When properly used (see posts by Mike Middleton and Jon Peltier) Excel's
polynomial trendline fit is more accurate than lm() in S-Plus (unless
you explicitly do a poly.transform of an orthogonal polynomial fit) and
most other dedicated statistics packages. Excel's statistical fitting
functions are mathematically exact, but implemented in a way that does
not minimize rounding errors with challenging data sets (the OP's data
set is not challenging). For univariate and bivariate statistics, there
are easy workarounds to handle even challenging data
http://groups.google.com/[email protected]
Alternately, Excel 2003 uses much improved algorithms.

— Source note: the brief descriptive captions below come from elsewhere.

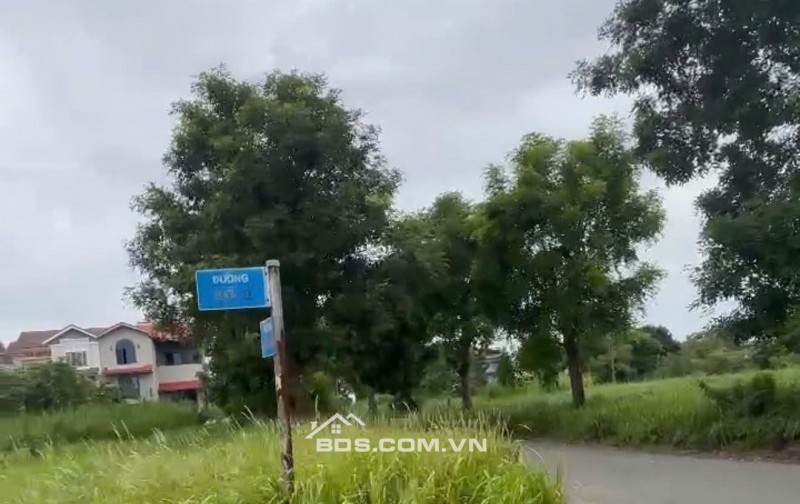 BÁN NHÀ PHỐ LIỀN KỀ KDC 13E LÀNG VIỆT KIỀU – BÌNH HƯNG, TP.HCM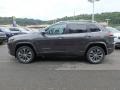 Granite Crystal Metallic - Cherokee Overland 4x4 Photo No. 2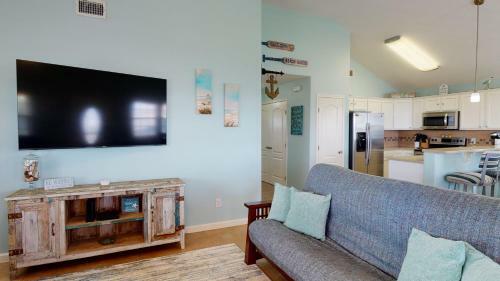 Cw403- Chloe's Way 403 Home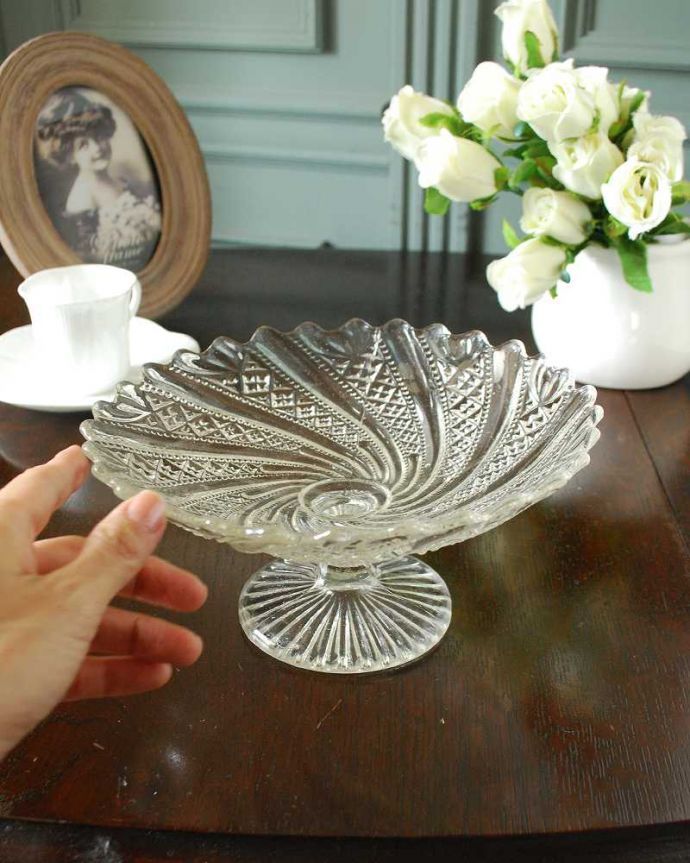 アンティーク 雑貨のガラス小物　アンティーク雑貨　繊細なレースのような模様が美しいアンティークプレスドグラスのコンポート。たっぷり乗せて使えますフルーツはもちろん、アクセサリーを置いたり朝食のパンやおやつ、お菓子など、いろんな使い方で楽しんで下さい。(pg-5959)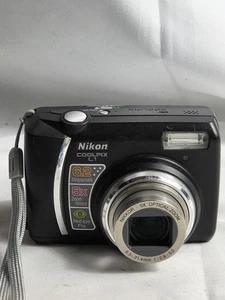 Nikon Coolpix L1 6,2 megapixel fotocamera digitale nero zoom 5x buone condizioni - Foto 1 di 3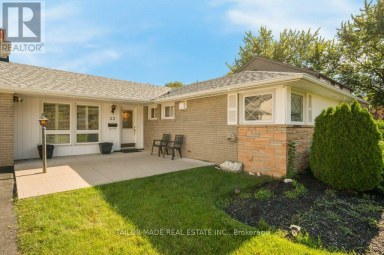 22 GREYSTONE CRESCENT Brampton (Brampton South) Ontario photo 2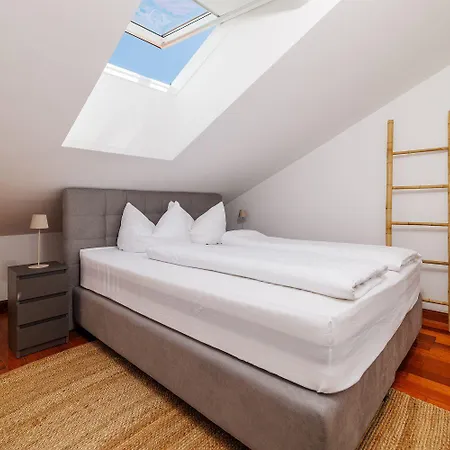 Apartment Dachgeschoss Mit Meerblick, Privatparkplatz Und Waschmaschine *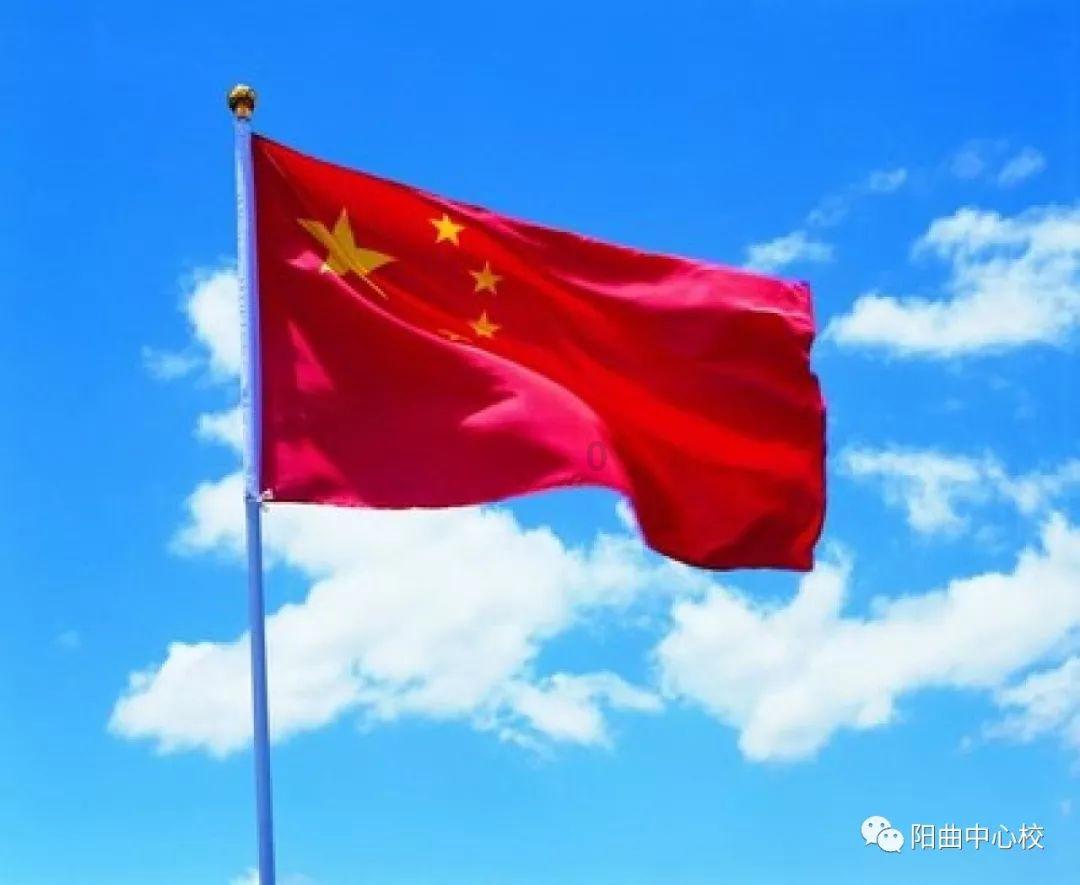 青岛西海岸新区:爱心礼包温暖“城市美容师” 传递美德新风尚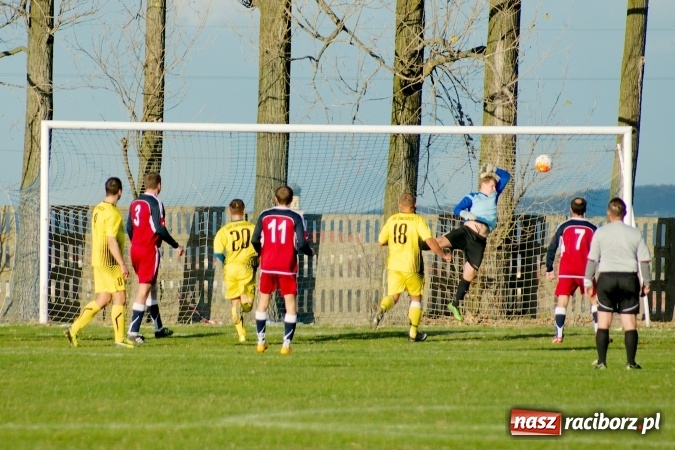 Zdjęcie w galerii na portalu naszraciborz.pl: Zwycięstwo rodziło się w bólach. Pomeczowe pretensje trenera Ocic wiadomości z regionu
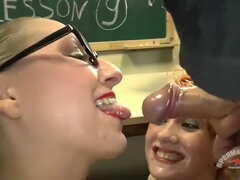 Blondine, Blasen, Kehlenfick, Gruppensex, Brille, Hd, Rotschopf, Lehrer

Excel does not and probably never will have the statistical power and
flexibility of a dedicated statistics package, but that does not mean
that it is not appropriate for simple calculations such as the OP was
attempting.

Jerry
The statistical tools in Excel are not reliable.
Use a statistical package such as S-Plus or do the
calculations by hand if they are relatively small.

Josie


regression analysis using

trendline is used. Note

....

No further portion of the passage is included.